Lantas, apa yang membuat Wara
prihatin???
Manusia memang dianugrahi rasa
ingin tahu. Beberapa memilikinya dengan
kadar keingintahuan yang tinggi, beberapa tidak. Itulah kenapa kemudian muncul
para filsuf dan beberapa ilmu yang terus berkembang dan menguntungkan manusia dalam menjalankan kehidupan. Tetapi tidak semua orang menggunakan “keingintahuan”

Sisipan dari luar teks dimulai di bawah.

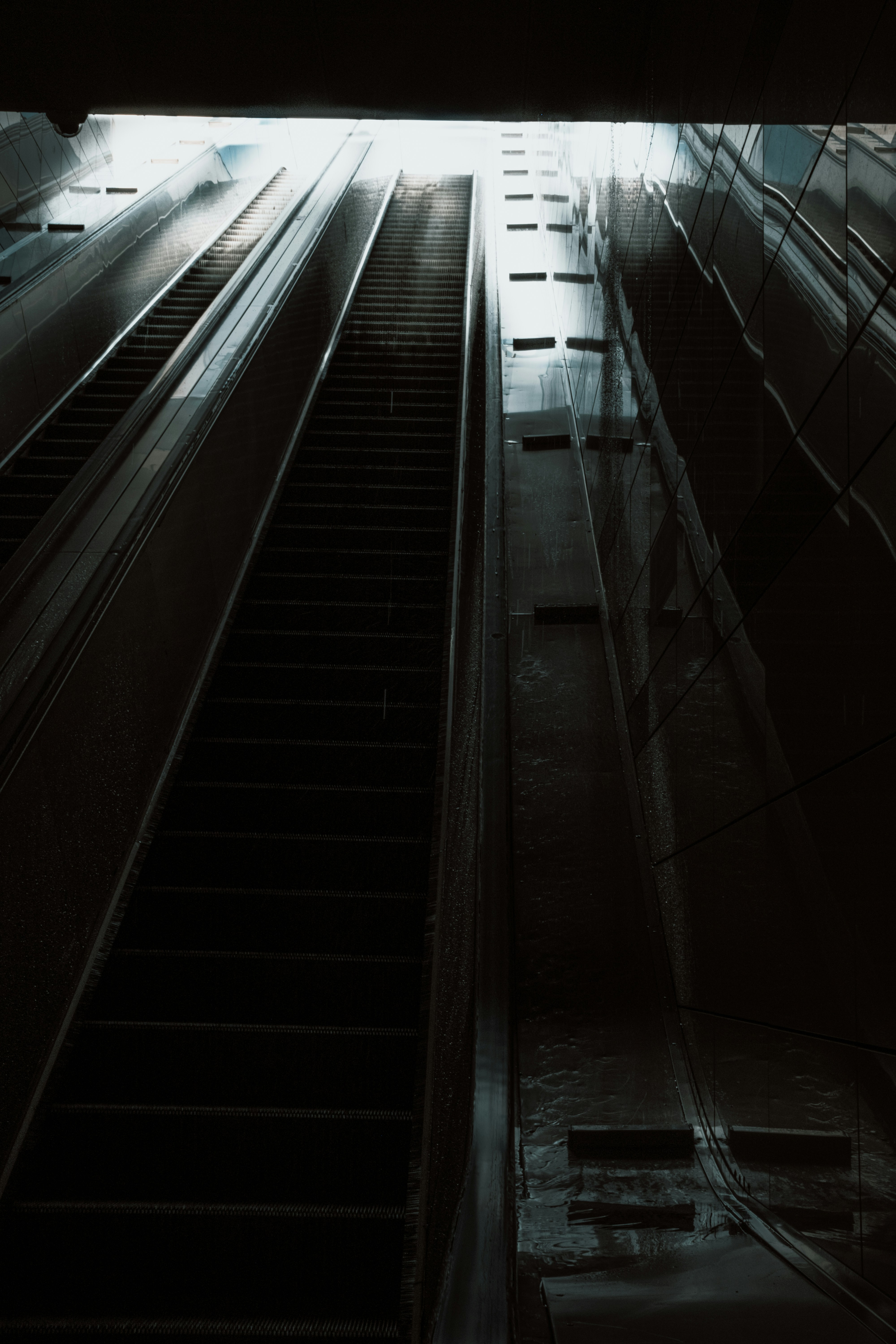 Photo by prince_corvo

mereka pada tempatnya. Dan malah merugikan banyak pihak. Dalam hal ini akan
wara batasi konteksnya “KEBAKARAN”.
Haduuuu, susah sekali. Kalau tidak
dibatasi seperti ini ketikan wara akan menjadi panjang terbang kemana-mana. Ini
aja udah banyak hal yang muncul di kepala wara. Ayooo lah wara “FOKUS”.!!! Dan ini
menjadi salah satu faktor kenapa terkadang wara menjadi lalai dan skripsi
terbengkalai. Otak Wara mulai mengaitkan banyak hal. Hal, per hal, hal demi
hal. Oke, sudah??? Back to our topic.
Ini yang membuat Wara prihatin.
Kebakaran terjadi, Oke. Ngga papa *eh. Maksud Wara jika memang takdirnya, yasudah, apa mau dikata. Sebelum sang pemadam
datang. Biarlah, biarlah warga bekerja sama, bahu membahu membantu. Menyiram,
memadamkan dengan kemampuan yang mereka miliki. Wajar, itulah pertolongan
pertama yang harus dilakukan sebelum api memakan yang lain, sebelum api berubah
menjadi monster yang mengganas. Namun, jika warga tak mampu, mereka hanya tahu
api sudah marah kingkong, mengganas, menggila. Cukup tunggu sang pemadam tiba.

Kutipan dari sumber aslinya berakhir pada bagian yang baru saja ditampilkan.